International students in the news


The Migration Advisory Committee (MAC) published its report on the impact of international students in the UK in September 2018. Although the Government is yet to respond, MAC made the following key recommendations: 

  • there should remain no cap on the number of international students coming to the UK;
  • the Government and the sector should continue to work together to grow the number of international students;
  • international students should not be removed from the net migration target.

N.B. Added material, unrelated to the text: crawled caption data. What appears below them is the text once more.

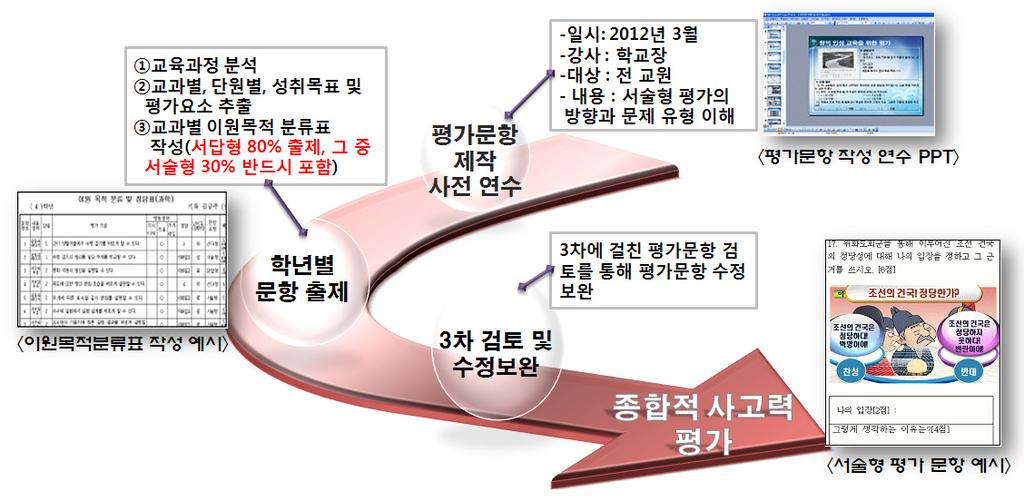 과정중심의평가시스템운영 가.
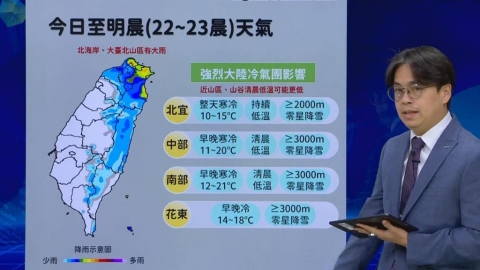 台灣多地跌破10度!又濕又冷原因曝光 預計「這天起」有望回溫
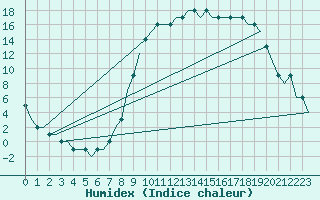 Courbe de l'humidex pour Ljungbyhed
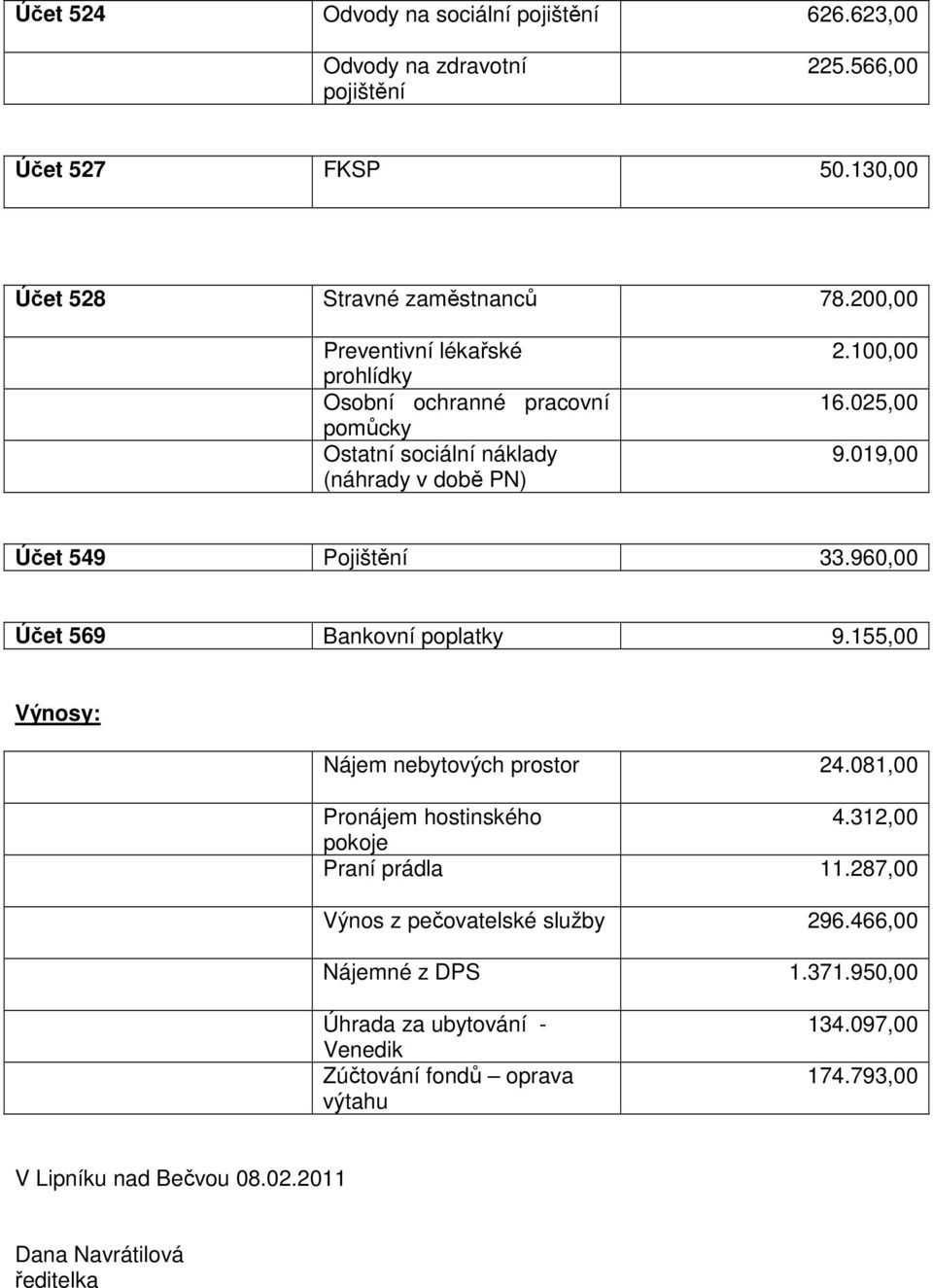 960,00 Účet 569 Bankovní poplatky 9.155,00 Výnosy: Nájem nebytových prostor 24.081,00 Pronájem hostinského 4.312,00 pokoje Praní prádla 11.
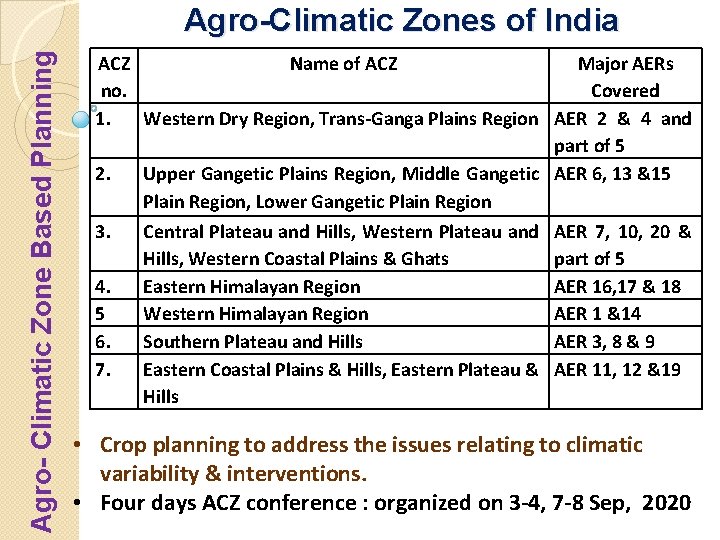 Agro- Climatic Zone Based Planning Agro-Climatic Zones of India ACZ Name of ACZ Major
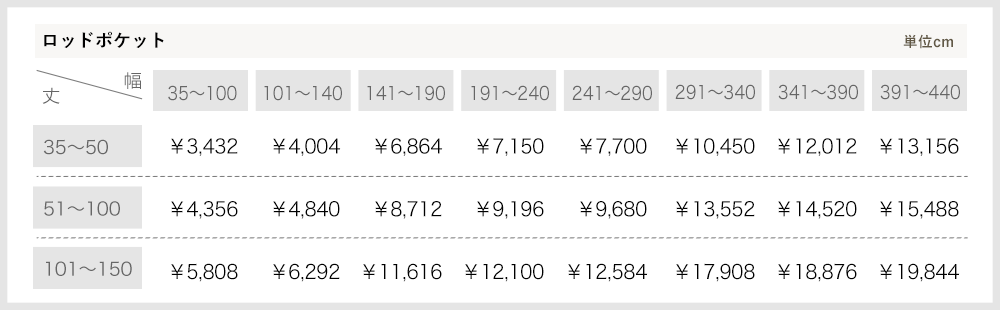 カフェカーテン サイズオーダー 価格表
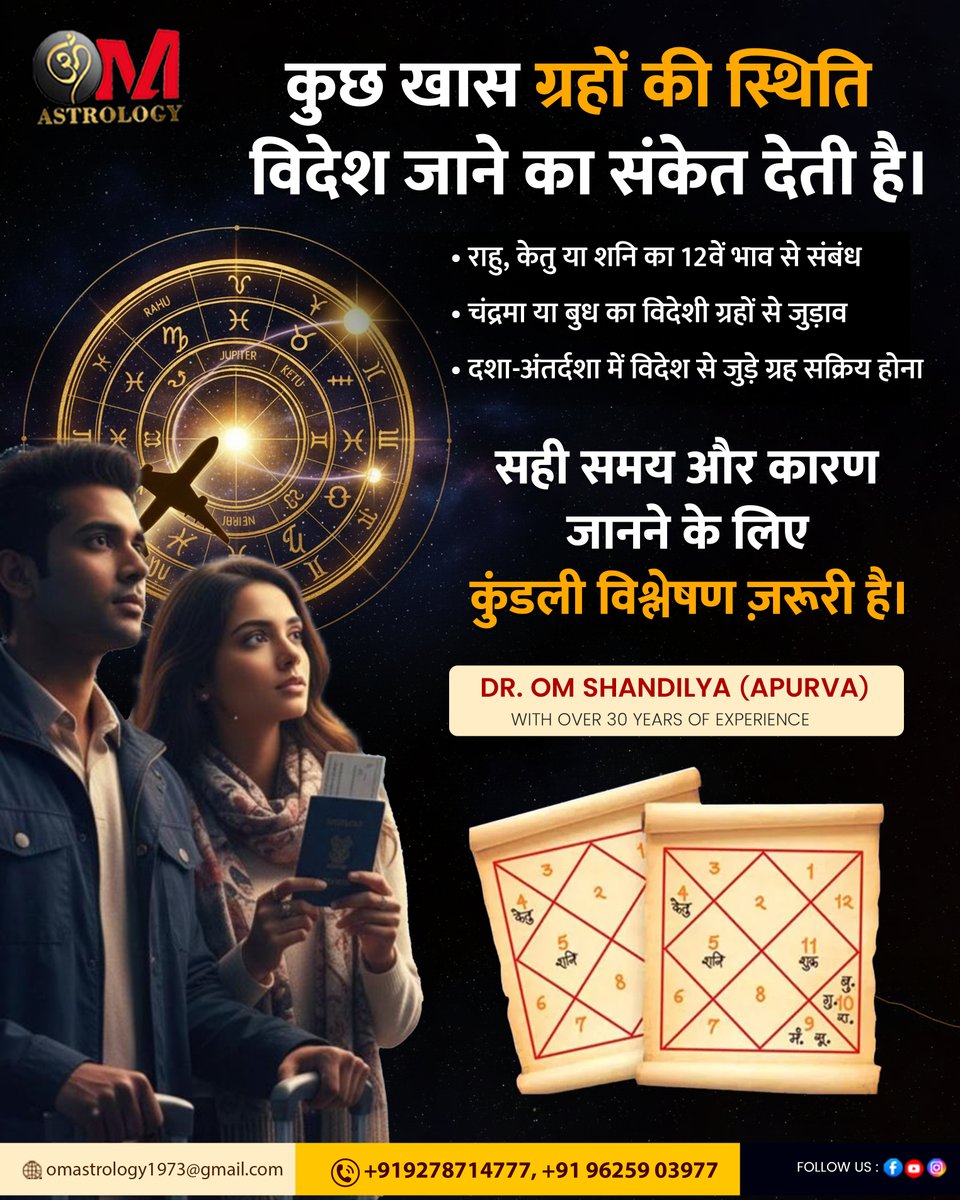 Astro Dr. OM Shandilya tweet media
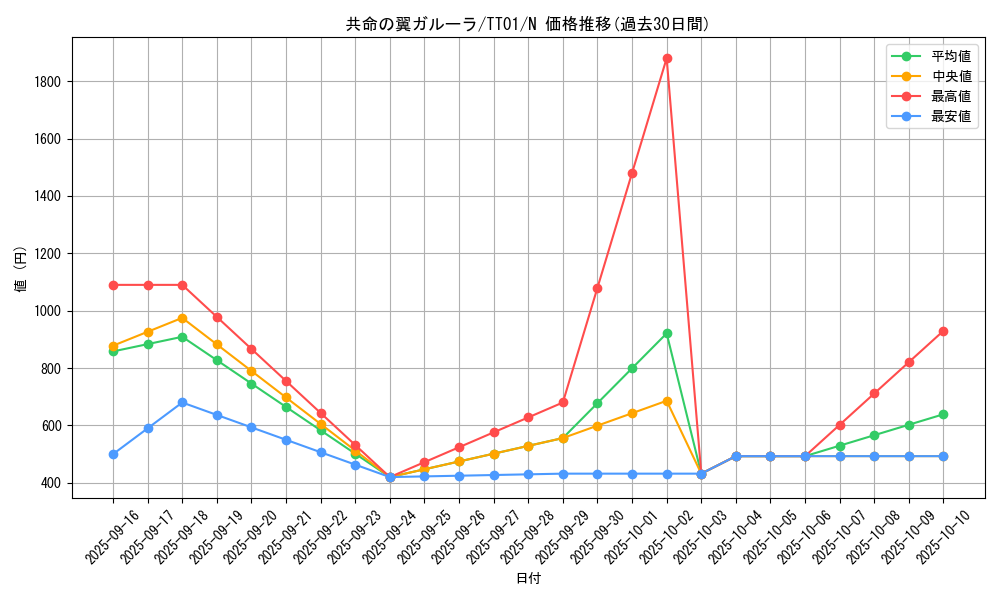 card_1036_series_2167_rarity_1_graph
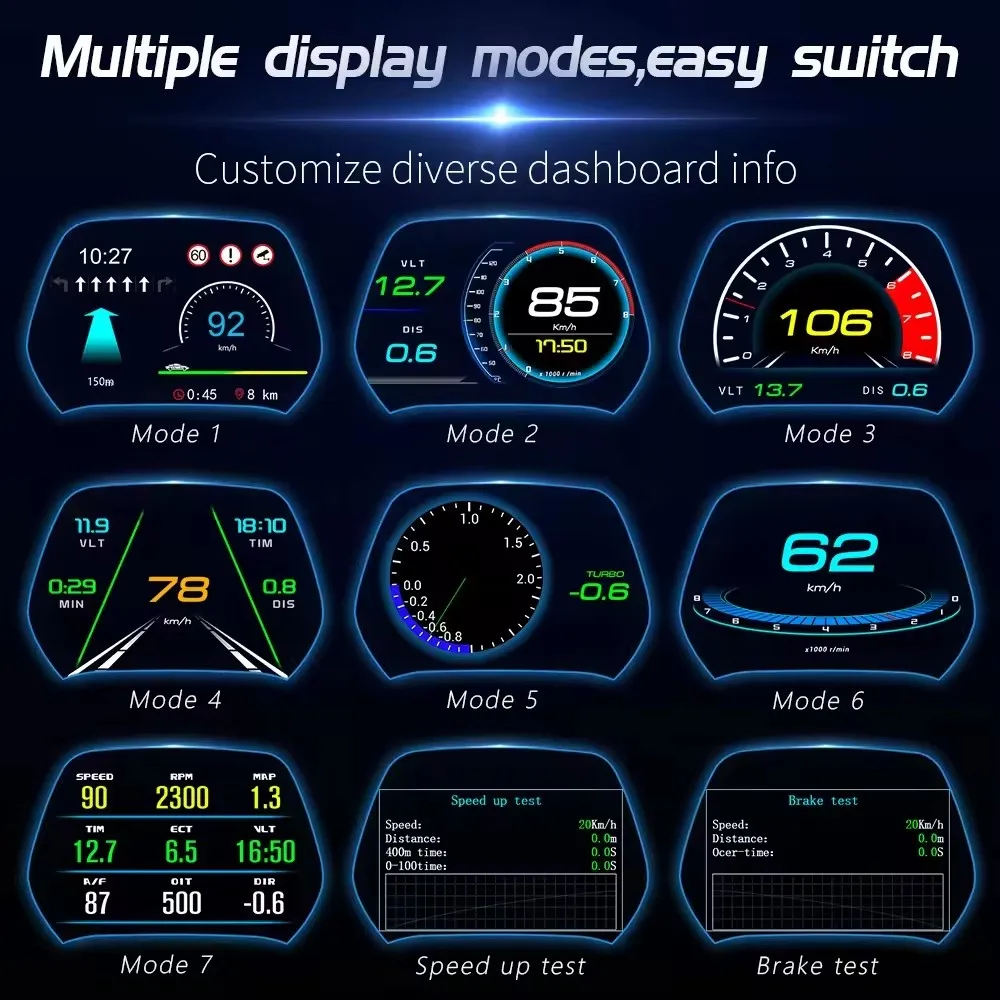 OBD2+GPS Navigation HUD P19 New Hot selling over speed alarm and Smart Gauge auto diagnostic tool tpms Display meter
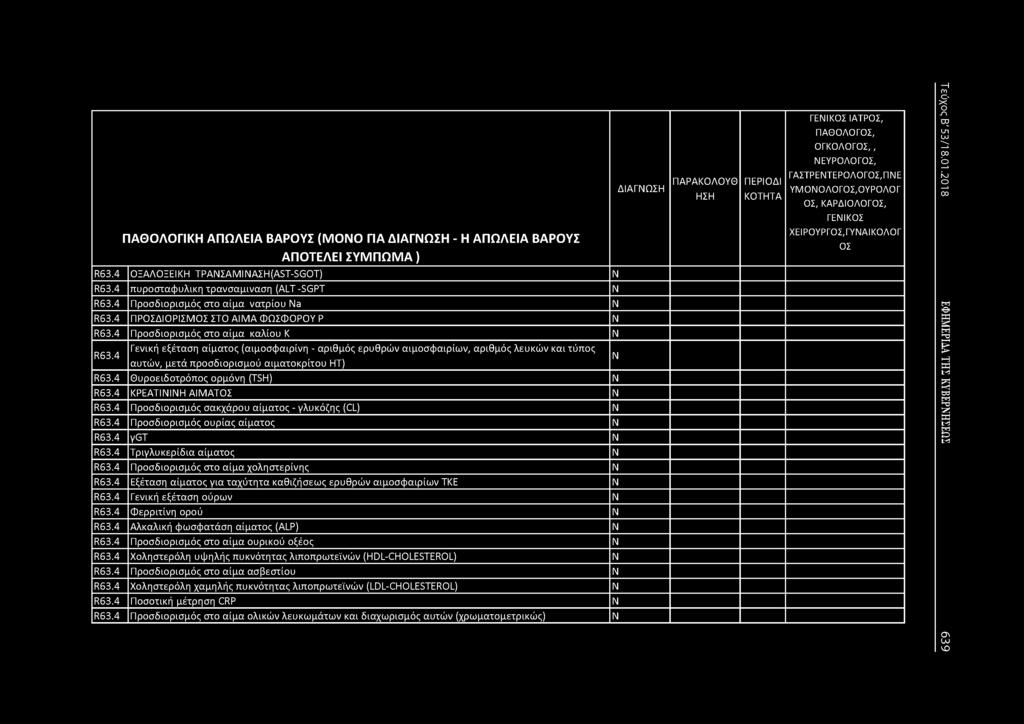 4 Γενική εξέταση αίματος (αιμοσφαιρίνη - αριθμός ερυθρών αιμοσφαιρίων, αριθμός λευκών και τύπος αυτών, μετά προσδιορισμού αιματοκρίτου ΗΤ) R63.4 θυροειδοτρόπος ορμόνη (TSH) R63.4 ΚΡΕΑΤΙΙΗ ΑΙΜΑΤΟΣ R63.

This is a political target and the Government could summarise its ambitions on net migration in a different way;
  • rules of work while studying and dependant rights should remain unchanged;
  • PhD students should automatically be given one year’s leave to remain after completion of studies and this should be incorporated into their original visa;
  • the post-study leave period should be extended to six months for all master’s students assuming the pilot does not uncover any evidence that this would not be sensible; 
  • graduates of UK HEIs should also be eligible for the existing easier access to Tier 2 jobs after course completion regardless of whether they are in the UK. This benefit could perhaps be in place for two years after graduation. 

The full report can be accessed here

All-Party Parliamentary Group for International Students inquiry report - November 2018

The All-Party Parliamentary Group for International Students released its inquiry report on 6 November 2018 setting out the following eight recommendations for the Government:

  1. a clear and ambitious target should be set to grow international student numbers. The Government should then remove students from targets to reduce net migration to facilitate increasing numbers;
  2. a clearly labelled and attractive post-study work visa should be offered which allows up to two years of work experience in the UK;
  3. an EU deal for unrestricted movement of students and researchers should be pursued as part of a close relationship between European universities and research programmes;
  4. the immigration rules should facilitate and encourage students to study in the UK and at multiple study levels within the UK education system;
  5. the diversity of the UK education offering should be promoted and protected, including small, specialist, vocational and further education providers within the proposed recruitment strategy;
  6. the Independent Chief Inspector of Borders and Immigration should conduct an independent review of credibility interviews within the student immigration system to ensure the system is fit for purpose;
  7. close work should be undertaken with devolved and regional governments to support growth in international student numbers, protect local courses and institutions which are dependent on international students, and support regional and national initiatives;
  8. data on education as an export and as an economic value should be tracked accurately, including at a national, regional and local level.